*** Input for this task ***
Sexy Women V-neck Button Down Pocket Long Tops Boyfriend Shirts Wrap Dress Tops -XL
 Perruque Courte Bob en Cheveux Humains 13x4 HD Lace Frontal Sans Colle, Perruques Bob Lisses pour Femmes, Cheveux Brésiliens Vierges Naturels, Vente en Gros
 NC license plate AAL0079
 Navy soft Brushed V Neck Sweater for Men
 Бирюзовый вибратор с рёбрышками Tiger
*** End of Input for this task ***
Directions for this task
Only the lines from the line with "Navy soft Brushed V Neck Sweater for Men" to the final line of the entries are to be returned, each exactly as written, both ends included.

Task solution
 Navy soft Brushed V Neck Sweater for Men
 Бирюзовый вибратор с рёбрышками Tiger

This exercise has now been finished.